Fulfill Her Week

Then Jacob said to Laban, “Give me my wife, for my days are fulfilled, so that I may have relations with her.”
Laban gathered together all the men of the place and prepared a feast. But in the evening he took Leah his daughter and brought her to Jacob, and Jacob had relations with her. Laban gave Zilpah his maid to his daughter Leah for a maidservant.

Genesis 29:21–24 — Modern English Version (Thinline Edition.; Lake Mary, FL: Passio, 2014)

Jacob the conniver gets a taste of his own medicine. Maybe not his, but Rebekah’s (his mother.) Here is Laban using Leah to pull the same switcheroo on Jacob that Rebekah did to his father.

Sometimes I wish I knew Hebrew. There is so much in this portion of Genesis that is a play on words and a play on types and ideas. That is themes are repeatedly intertwined with the text. There will be more to encounter.

In the morning Jacob discovered it was Leah, and he said to Laban, “What is this you have done to me? Did I not serve you for Rachel? Why then have you tricked me?”

Genesis 29:25 — Modern English Version (Thinline Edition.; Lake Mary, FL: Passio, 2014)

This is an object lesson for Jacob. He can now experience the same feelings that his brother is experiencing. Those feelings led Esau to rage and plot the murder of Jacob. Perhaps this allowed Jacob to have compassion for his older brother. Instead of seeming to want to take what is his brother’s place or to catch his heel. (Jacob literally translates to heel catcher.)
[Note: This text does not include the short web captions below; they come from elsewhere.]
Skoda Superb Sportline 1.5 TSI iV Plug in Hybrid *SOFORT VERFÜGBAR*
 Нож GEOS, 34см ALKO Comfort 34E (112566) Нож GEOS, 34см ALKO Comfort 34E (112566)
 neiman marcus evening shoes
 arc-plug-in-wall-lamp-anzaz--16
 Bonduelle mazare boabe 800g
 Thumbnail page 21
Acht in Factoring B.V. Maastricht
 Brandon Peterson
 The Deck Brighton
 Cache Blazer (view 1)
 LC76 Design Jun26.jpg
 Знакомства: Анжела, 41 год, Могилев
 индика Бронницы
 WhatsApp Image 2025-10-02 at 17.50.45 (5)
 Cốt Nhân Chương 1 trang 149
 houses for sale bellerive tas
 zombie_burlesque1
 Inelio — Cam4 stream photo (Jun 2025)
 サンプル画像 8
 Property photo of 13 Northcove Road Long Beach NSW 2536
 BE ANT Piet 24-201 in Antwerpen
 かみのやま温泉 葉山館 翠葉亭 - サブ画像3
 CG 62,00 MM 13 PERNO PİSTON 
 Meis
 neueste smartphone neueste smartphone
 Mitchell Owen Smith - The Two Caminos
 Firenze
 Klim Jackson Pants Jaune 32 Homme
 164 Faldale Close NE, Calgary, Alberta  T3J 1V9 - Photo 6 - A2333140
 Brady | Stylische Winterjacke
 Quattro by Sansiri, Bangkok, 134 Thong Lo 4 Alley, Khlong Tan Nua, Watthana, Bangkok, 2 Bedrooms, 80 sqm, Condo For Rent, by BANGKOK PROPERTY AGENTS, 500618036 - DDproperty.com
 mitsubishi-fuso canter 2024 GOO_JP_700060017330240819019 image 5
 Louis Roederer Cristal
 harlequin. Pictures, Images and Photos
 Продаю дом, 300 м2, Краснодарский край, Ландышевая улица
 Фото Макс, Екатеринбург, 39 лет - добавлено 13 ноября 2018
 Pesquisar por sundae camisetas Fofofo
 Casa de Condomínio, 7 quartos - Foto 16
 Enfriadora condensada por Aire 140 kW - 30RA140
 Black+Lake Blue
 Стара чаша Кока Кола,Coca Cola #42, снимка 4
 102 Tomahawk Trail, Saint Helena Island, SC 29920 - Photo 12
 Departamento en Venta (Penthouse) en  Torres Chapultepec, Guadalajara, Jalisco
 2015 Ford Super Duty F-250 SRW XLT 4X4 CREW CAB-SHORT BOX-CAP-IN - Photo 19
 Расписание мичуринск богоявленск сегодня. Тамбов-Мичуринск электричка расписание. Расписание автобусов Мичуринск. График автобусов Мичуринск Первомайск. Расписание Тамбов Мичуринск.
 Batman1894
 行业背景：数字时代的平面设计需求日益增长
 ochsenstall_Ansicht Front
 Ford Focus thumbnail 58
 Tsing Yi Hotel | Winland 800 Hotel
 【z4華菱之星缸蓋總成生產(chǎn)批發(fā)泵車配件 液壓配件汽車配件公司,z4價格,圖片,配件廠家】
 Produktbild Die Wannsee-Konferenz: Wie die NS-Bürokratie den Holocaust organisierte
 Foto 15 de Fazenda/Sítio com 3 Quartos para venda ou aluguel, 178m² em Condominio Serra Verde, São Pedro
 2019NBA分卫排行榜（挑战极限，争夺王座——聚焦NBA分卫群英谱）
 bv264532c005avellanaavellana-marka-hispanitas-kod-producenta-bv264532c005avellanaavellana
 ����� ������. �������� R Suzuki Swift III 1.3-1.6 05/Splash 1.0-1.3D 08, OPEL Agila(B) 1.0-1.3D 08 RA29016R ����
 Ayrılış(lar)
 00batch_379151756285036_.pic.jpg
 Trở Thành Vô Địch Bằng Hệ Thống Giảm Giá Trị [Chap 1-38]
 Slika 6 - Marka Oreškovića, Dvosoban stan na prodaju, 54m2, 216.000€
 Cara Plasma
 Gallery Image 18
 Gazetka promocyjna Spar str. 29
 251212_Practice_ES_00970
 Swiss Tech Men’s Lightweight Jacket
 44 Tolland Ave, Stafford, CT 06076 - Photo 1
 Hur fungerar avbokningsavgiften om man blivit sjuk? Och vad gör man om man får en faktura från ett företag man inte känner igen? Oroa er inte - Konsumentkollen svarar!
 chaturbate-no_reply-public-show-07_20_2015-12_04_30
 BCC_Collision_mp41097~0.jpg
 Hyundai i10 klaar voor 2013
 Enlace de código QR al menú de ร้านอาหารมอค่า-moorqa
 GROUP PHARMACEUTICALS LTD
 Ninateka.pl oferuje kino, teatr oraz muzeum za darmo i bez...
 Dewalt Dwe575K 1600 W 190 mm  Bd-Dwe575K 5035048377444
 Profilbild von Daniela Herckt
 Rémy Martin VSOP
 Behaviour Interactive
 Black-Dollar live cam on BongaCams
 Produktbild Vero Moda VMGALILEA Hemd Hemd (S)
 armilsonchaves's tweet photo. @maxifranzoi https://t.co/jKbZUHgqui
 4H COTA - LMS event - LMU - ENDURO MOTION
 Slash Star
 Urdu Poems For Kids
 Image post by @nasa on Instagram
Nevertheless, Laban tricked Jacob by withholding a crucial detail.

Then Laban said, “It is not the custom in our country to marry off the younger before the firstborn.

Genesis 29:26 — Modern English Version (Thinline Edition.; Lake Mary, FL: Passio, 2014)

Did you catch another theme being repeated here?

In the midst of one hard life lesson for Jacob, there is yet another. The prophecy given to Rebekah was that the older shall serve the younger. Esau would serve Jacob. Jacob had already turned the tables on his brother by purchasing the birthright and then taking the blessing of the firstborn. First Jacob tried to work the prophecy spoken about the two boys. And then his mother tried. (There is a lesson there for another time.)

Taking a reverse play on that. Jacob has to take the firstborn first. In this region, it is unseemly to give the younger one before the firstborn. (Perhaps not in God’s mind.) Nevertheless, it is another important lesson for Jacob to prepare himself to return to his brother. His mother only expected Jacob to be gone for days.

Do you think the length of time Jacob would serve speaks to anyone’s character?

Or is it the amount of time Esau needed to cool down?

Either way, the time allowed Jacob to come to the mindset where he would humbly honor his older brother.

There was a lot to consider there.

Laban makes another offer for Jacob. One that would please Jacob.

Fulfill the period of seven days for this one, and we will give you the other also in return for serving me another seven years.”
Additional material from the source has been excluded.